Alors qu’il est manifeste que donner la mort n’est pas un soin et ne le sera jamais, on englobe l’acte de donner la mort sous la formule de « l’aide à mourir », expression courante qui désigne déjà ce que font les soignants et les bénévoles dans les unités de soins palliatifs et d’accompagnement. Devenue un terme juridique, cela risque de banaliser le geste létal en faisant croire qu’il est un soin ou un geste d’accompagnement. Or, l’acte létal brise l’accompagnement et stoppe le soin.
Alors que la sédation profonde et continue maintenue jusqu’au décès est habitée par l’intention d’apaiser la souffrance en laissant venir la mort qui survient en raison de la pathologie, il est proposé à des soignants et à des proches d’avoir l’intention de donner la mort sans se soucier des conséquences de cet acte sur les proches, sur l’équipe soignante, sur la société.
Alors qu’on nous dit que les critères d’accès à l’euthanasie ou au suicide assisté sont stricts et que l’acte « d’aide à mourir » est très encadré, on en ouvre les possibilités de façon très large en donnant comme critères « la souffrance insupportable » et la grave altération du discernement. « La souffrance insupportable » est mentionnée dans la loi Clayes-Leonetti quand celle-ci est engendrée par la décision du médecin d’arrêter un traitement en engageant ainsi le pronostic vital à court terme. Le Conseil d’Etat recommande que la « souffrance insupportable » soit due à l’arrêt d’un traitement, afin d’éviter que cette une souffrance jugée par le patient comme insupportable soit un critère d’éligibilité à « l’aide à mourir ». Or, elle est éminemment subjective et devient un critère d’éligibilité à « l’aide à mourir ». Autant la « souffrance réfractaire » est capable d’évaluation médicale objective, autant la souffrance insupportable ne l’est pas. Et que signifie la grave altération du discernement ? Y aurait-il des altérations du discernement qui seraient réelles tout en n’étant pas graves ? Comment le curseur sera-t-il posé ? L’altération du discernement n’apparaît donc plus comme un obstacle au geste létal, pourvu qu’elle ne soit pas « grave ».
Alors que les critères se veulent précis pour encadrer la prescription du geste létal, il est proposé que ce soit dans les situations où le pronostic vital est engagé « à moyen terme ». Mais que signifie cette expression ? Comment évaluer avec exactitude ce « moyen terme » ? La loi devra-t-elle en préciser les limites ? Quel médecin est-il capable de prédire la mort « à moyen terme » ? L’ordre des médecins a demandé une précision à ce sujet.

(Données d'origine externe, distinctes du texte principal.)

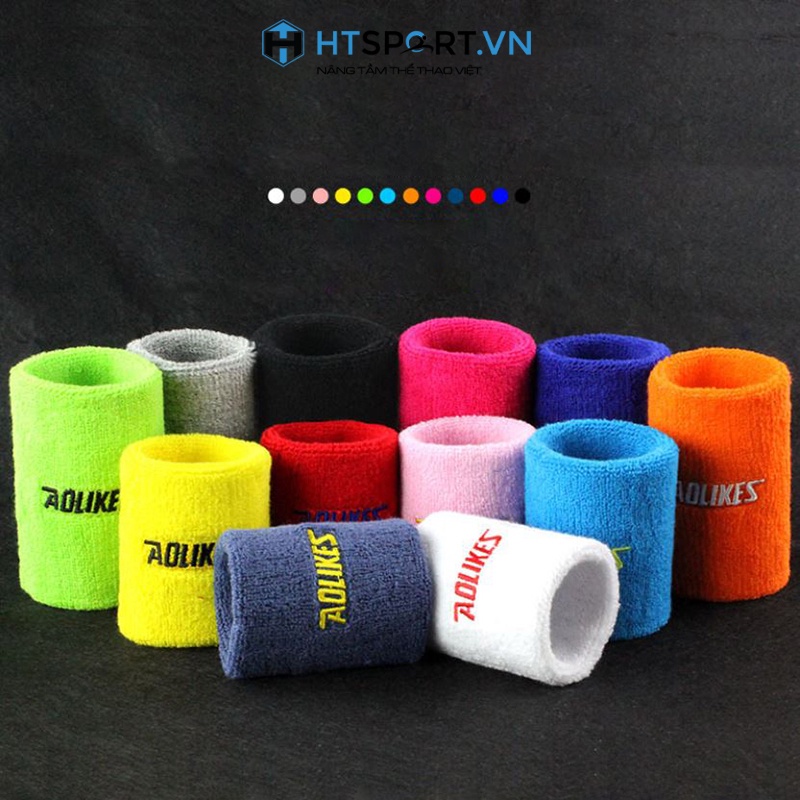 Băng Chặn Mồ Hôi, Băng Cuốn Cổ Tay Tập Luyện Chơi Thể Thao Tập Gym Aolikes AL0235 11CM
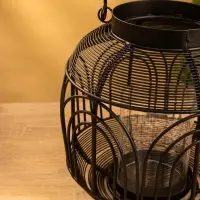 Подсвечник фонарь со стеклянной колбой 19х19х19,5 см, d 8,5 см, металл, цв. Чёрный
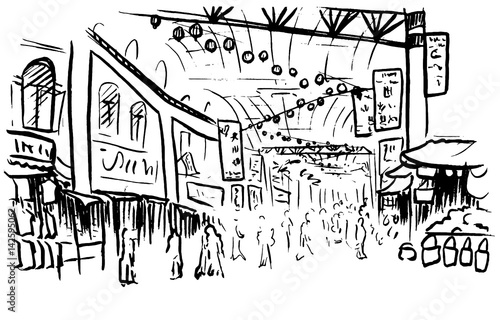 sketch of Chinatown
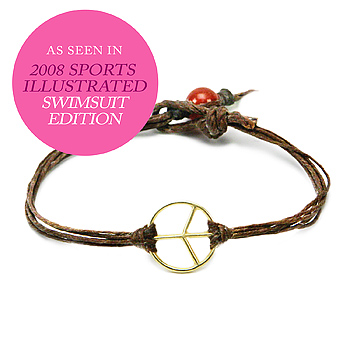 peace bracelet gold dipped on irish linen tobacco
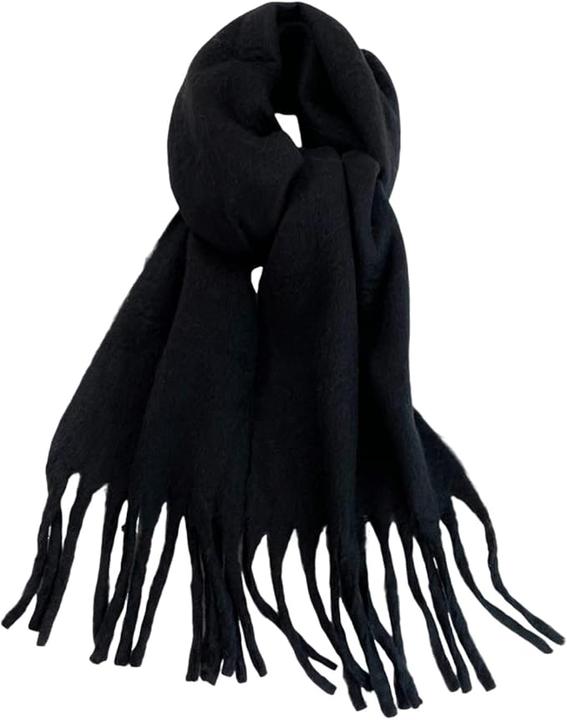 Only-Bags.Store Solide Farbe Plüsch Warm Chunky Schal Lange Einfache Grosse Verdickte Quaste Schal Winter Outdoor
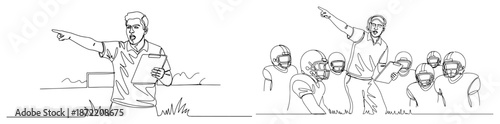 Continuous line drawing of american football coach instructing team players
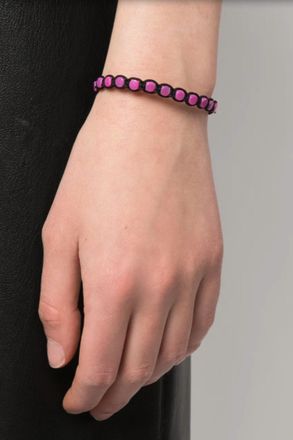 Isabel Marant Crystal Embellished Bracelet In Fuchsia-Black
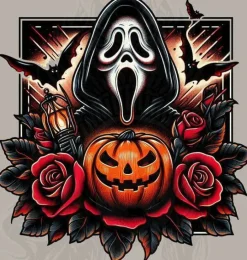 Ghostface 5D Diamond Painting Kit 16x16” – Horror Movie DIY Full Drill Diamond Art for Adults & Beginners, Halloween Wall Decor Craft Gift with Sparkling Resin Beads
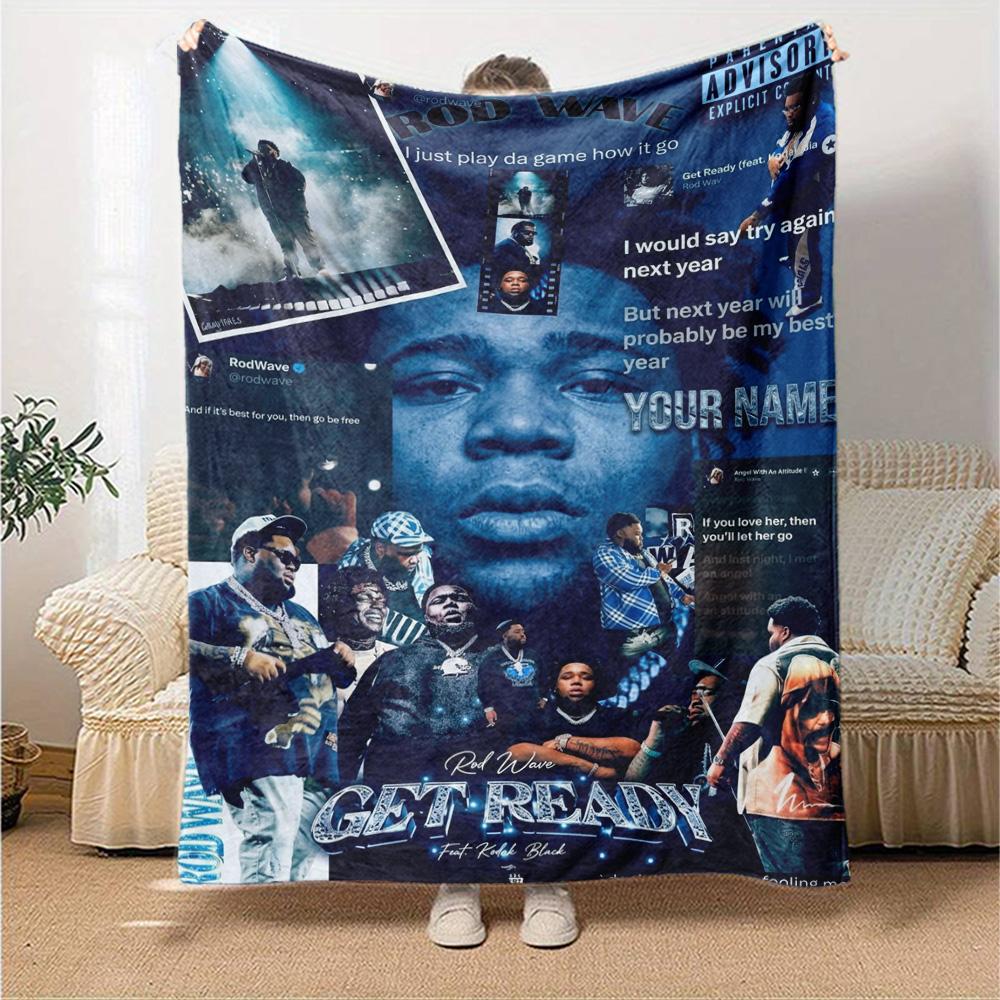 Name Custom Rod Wave Print Flannel Blanket High Quality Warm Comfortable Cover for All Seasons Perfect for Gifts Home Decor
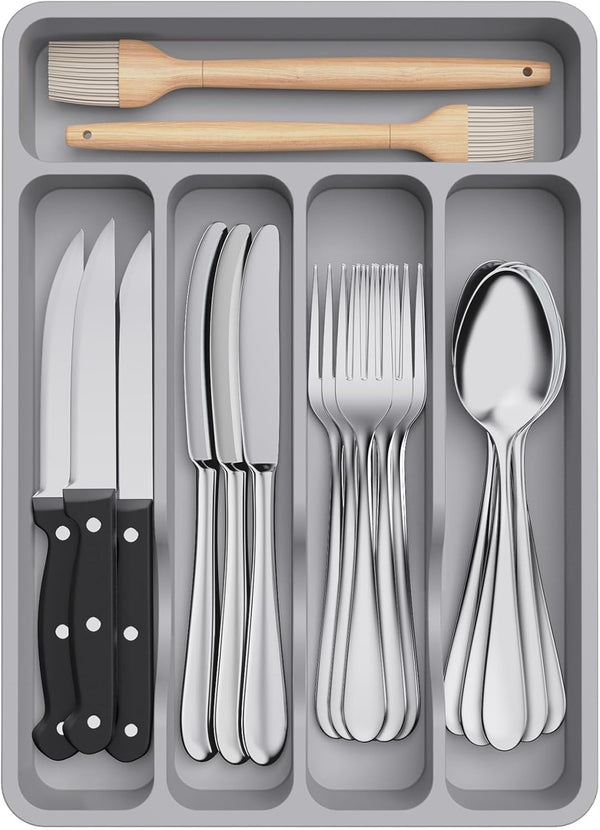 Lifewit Silverware Drawer Organizer Tray, Plastic Cutlery Storage for Kitchen Drawer, 5 Compartment Divider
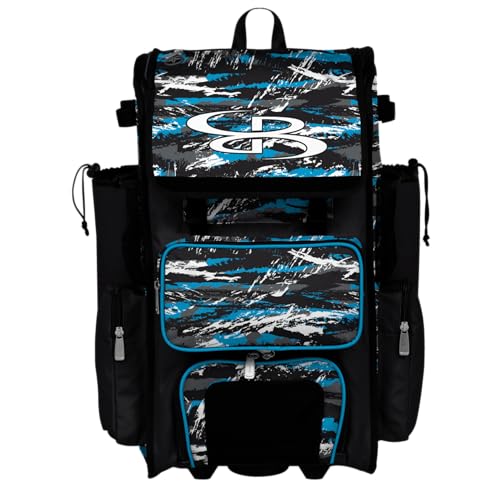 Boombah Rolling Superpack Baseball/Softball Gear Bag - Telescopic Handle - Holds 4 Bats - Wheeled Version - Razor Multiple Colors - color: Black/Columbia Blue/White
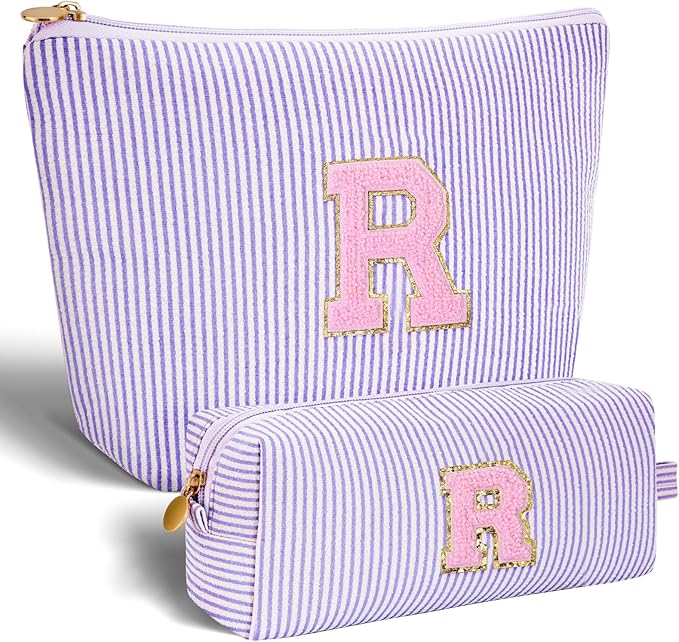 Btffitting Personalized Anniversary Wife's Birthday Gifts,Mothers Day Gifts for Women,Wife Gifts from Husband,Cool Birthday Gifts for Wife,Makeup Bag Set Cosmetic Bag for Teen Girls - Lavender,R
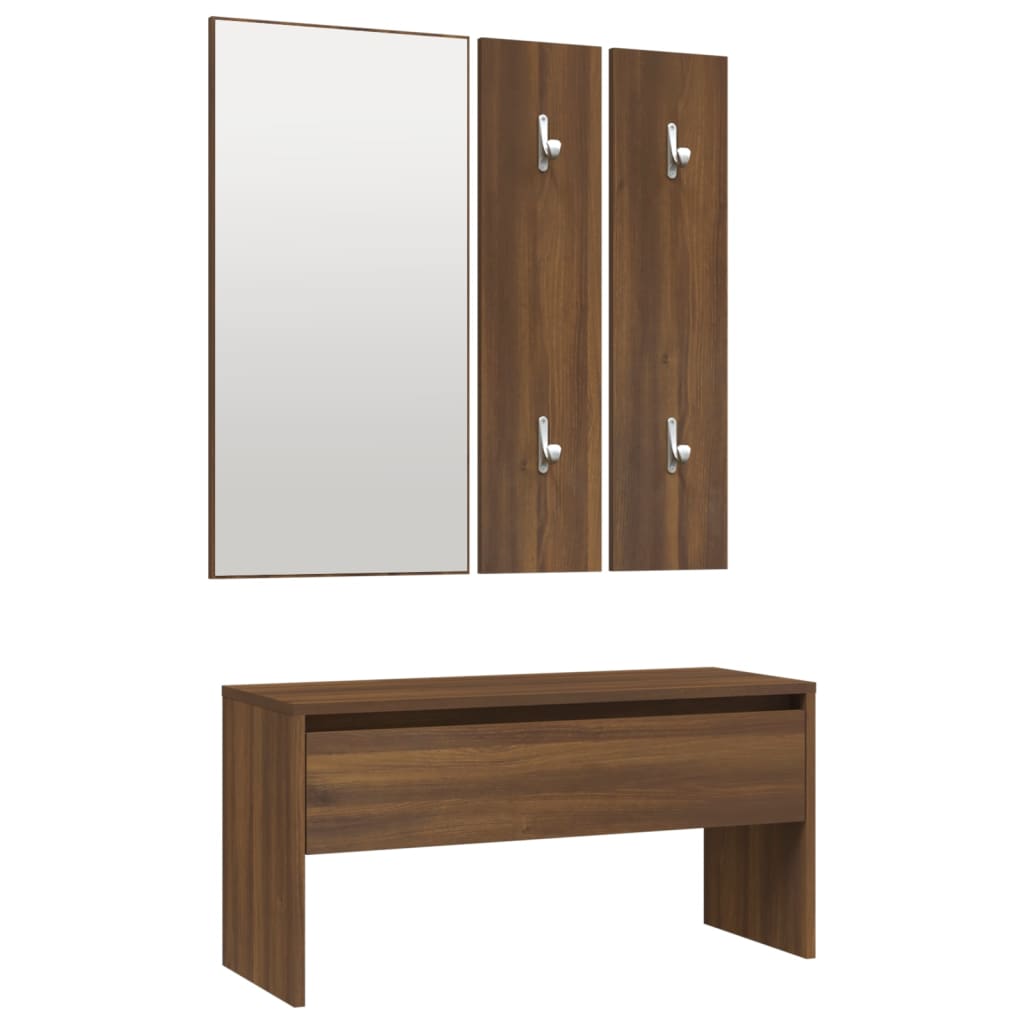 vidaXL Hallway Furniture Set Brown Oak Engineered Wood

La HAS a été consultée. Alors qu’on promeut l’exercice de la médecine selon l’éthique attestée par le serment d’Hippocrate que prête le médecin, et dont la traduction dans notre loi est : le médecin « n’a pas le droit de provoquer délibérément la mort » (ce qui est aussi demandé aux infirmiers), on demande à un médecin de prescrire l’acte létal. Faudra-t-il bannir le serment d’Hippocrate pour tous les étudiants qui s’apprêtent à exercer la médecine ? Si c’était le cas, ce serait le signe d’un basculement anthropologique majeur. Si ce n’est pas le cas, on instaure une hypocrisie légale.